Not every pundit was impressed by the Renaissance painting: “Even making allowances for its extremely poor state of preservation, it is a curiously unimpressive composition and it is hard to believe that Leonardo himself was responsible for anything so dull,” wrote Charles Hope, an emeritus professor at the Warburg Institute at the University of London (artnews).

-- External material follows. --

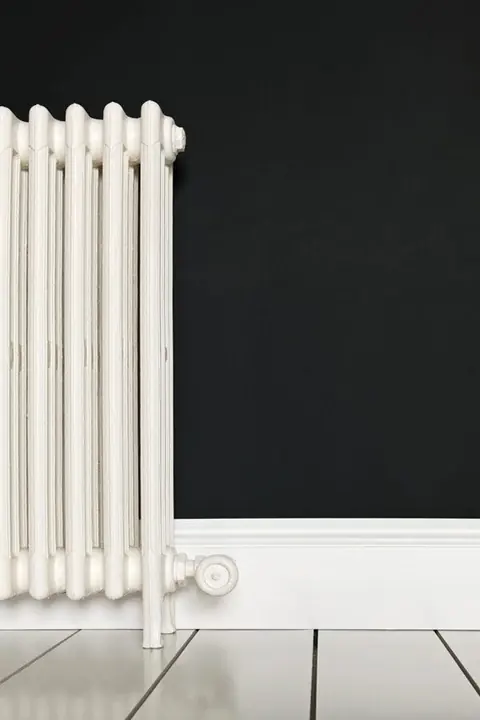 Ambiance peinte en Pitch Black de Farrow & Ball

But the rest - all created after World War II - had solid sales, a sign that the art market is in a robust health. Apparently the global art market is again following the stock markets which climbed to all-time high. History shows that stock markets & art markets walk side by side. Art is not only bought by collectors, who love it and want to own it, art is also purchased by investors & speculators who hope to sell it later for a higher price. These people consider art as an asset, comparable to stocks, bonds & real estate - and as long as they become more wealthy, they spend more for art.

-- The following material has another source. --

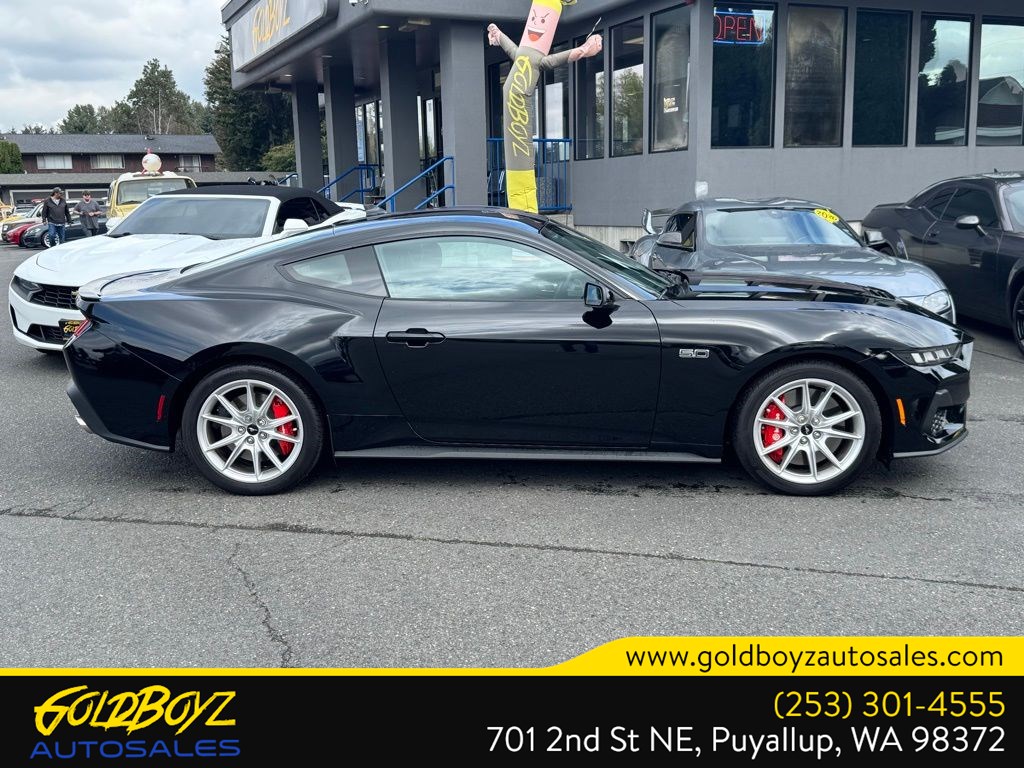 2024 Ford Mustang GT Premium photo 4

Phillips (altogether more than $ 150 million sales) sold my personal favorite, Peter Doig`s "Red House" (1995–96) for $21.1 million. I envy that buyer. Franz Kline`s "Sayer" sold for $9,9 million and someone took Richard Prince`s "Mystery Nurse" home for $3,25 million.
The auction houses looked like huge museums and together they over-trumped any major museum exhibition of contemporary art I know including New York´s MoMa, Los Angeles`"Broad" and Chicago`s Art Institute. Plus which, admission was free, and taking pictures was permitted! Priceless.